Here, we use information on local building costs, labor rates and other elements to ascertain how much it would cost to construct a property similar to the one being appraised. This figure commonly sets the maximum on what a property would sell for. The cost approach is also the least used method.

Sales Comparison

Appraisers get to know the subdivisions in which they work. They innately understand the value of specific features to the residents of that area. Then, the appraiser researches recent transactions in the neighborhood and finds properties which are 'comparable' to the real estate being appraised. Using knowledge of the value of certain items such as square footage, additional bathrooms, hardwood floors, fireplaces or view lots (just to name a few), we add or subtract from each comparable's sales price so that they are more accurately in line with the features of subject property.

  • For example, if the comparable property has an irrigation system and the subject does not, the appraiser may deduct the value of an irrigation system from the sales price of the comparable home.
  • If the subject has an extra half-bathroom and the comparable does not, the appraiser might add a certain amount to the comparable property.

An opinion of what the subject might sell for can only be determined once all differences between the comps and the subject have been evaluated. When it comes to associating a value with features of homes in Tuscaloosa and Tuscaloosa, Shamrock Appraisals, Inc. is second to none. The sales comparison approach to value is typically given the most consideration when an appraisal is for a real estate sale.

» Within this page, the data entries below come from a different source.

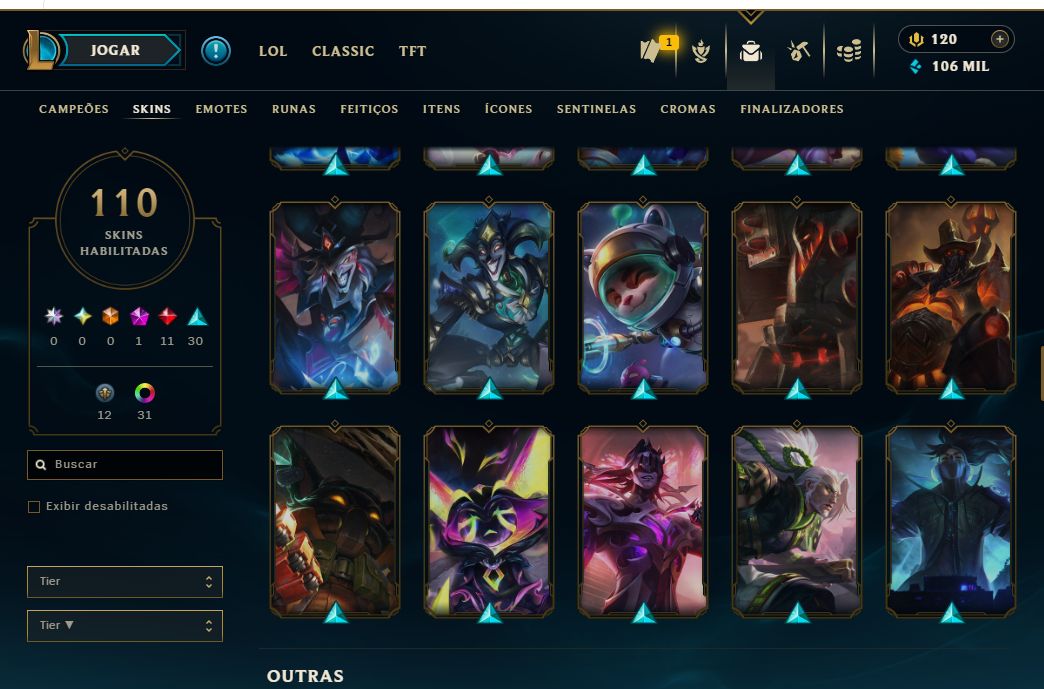 CONTA VANDAL KURONAMI E LOL COM 11 SKINS LENDARIAS 1 MITICA E 30 NORMAIS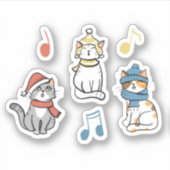Weihnachtskatzen mit Musiknoten Aufkleber (Vorderseite)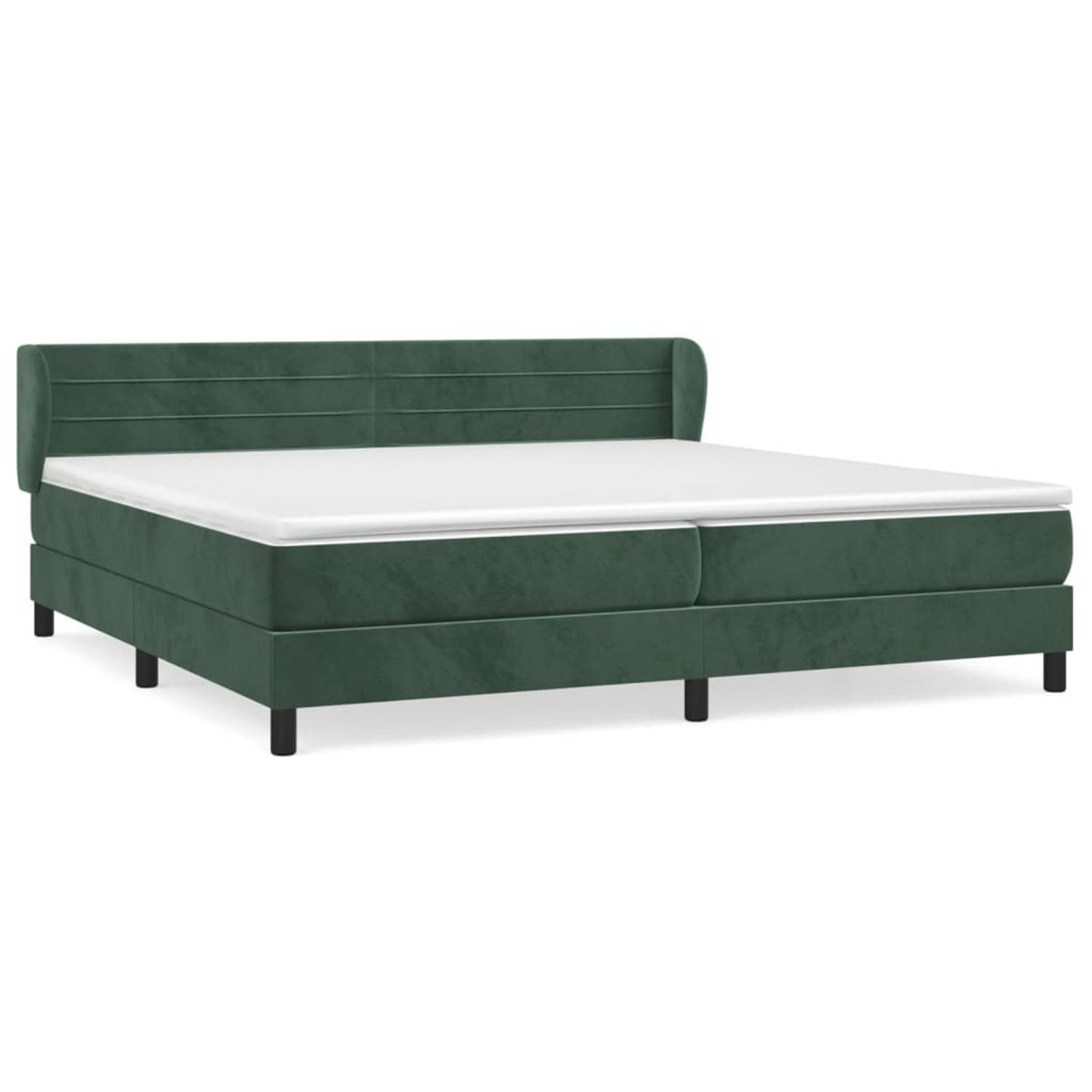 The Living Store Boxspringbed Fluwelen XL - Donkergroen - 203 x 203 x 78/88 cm - Pocketvering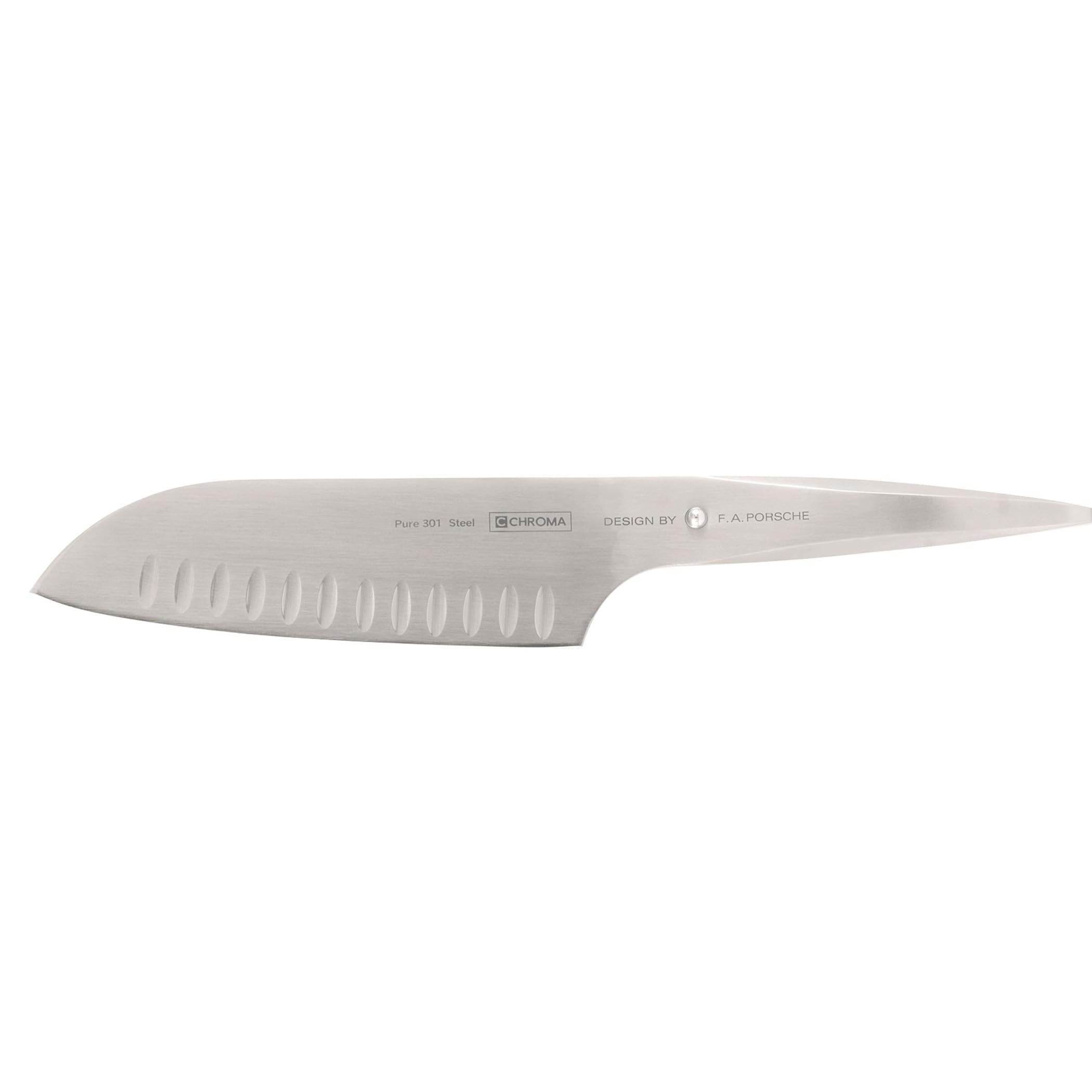 Couteau Santoku alvéolé 17,8 cm Chroma P21 à lame anti-adhérence Type 301
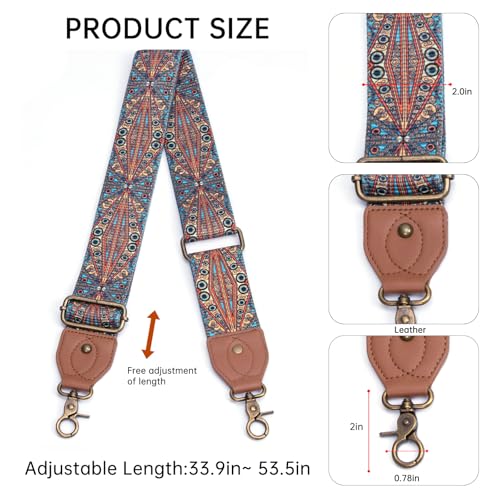 Purse Strap Replacement Crossbody Adjustable Bag Strap Retro Jacquard Embroidery Wide Shoulder Strap for Women Handbags - color: Bohemian Stripes
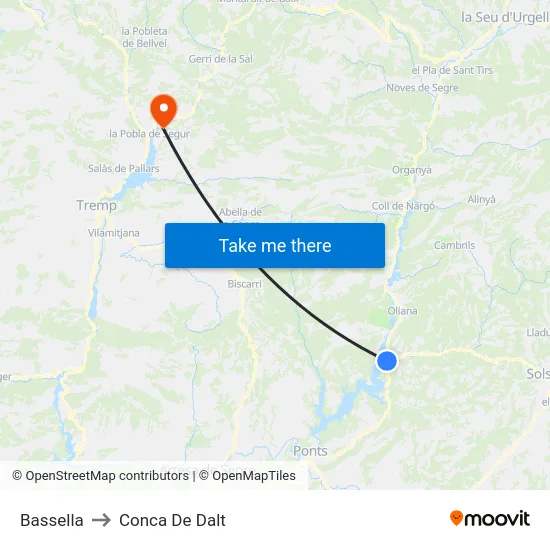 Bassella to Conca De Dalt map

Valuation Using the Income Approach

A third method of valuing a house is sometimes employed when a neighborhood has a reasonable number of renter occupied properties. In this case, the amount of income the real estate produces is taken into consideration along with income produced by neighboring properties to determine the current value.

Coming Up With The Final Value

Examining the data from all approaches, the appraiser is then ready to put down an estimated market value for the subject property. Note: While the appraised value is probably the most reliable indication of what a property is worth, it probably will not be the price at which the property closes. Prices can always be driven up or down by extenuating circumstances like the motivation or urgency of a seller or 'bidding wars'. Regardless, the appraised value is often used as a guideline for lenders who don't want to loan a buyer more money than the property is actually worth. Here's what it all boils down to, an appraiser from Shamrock Appraisals, Inc. will guarantee you discover the most fair and balanced property value, so you can make wise real estate decisions.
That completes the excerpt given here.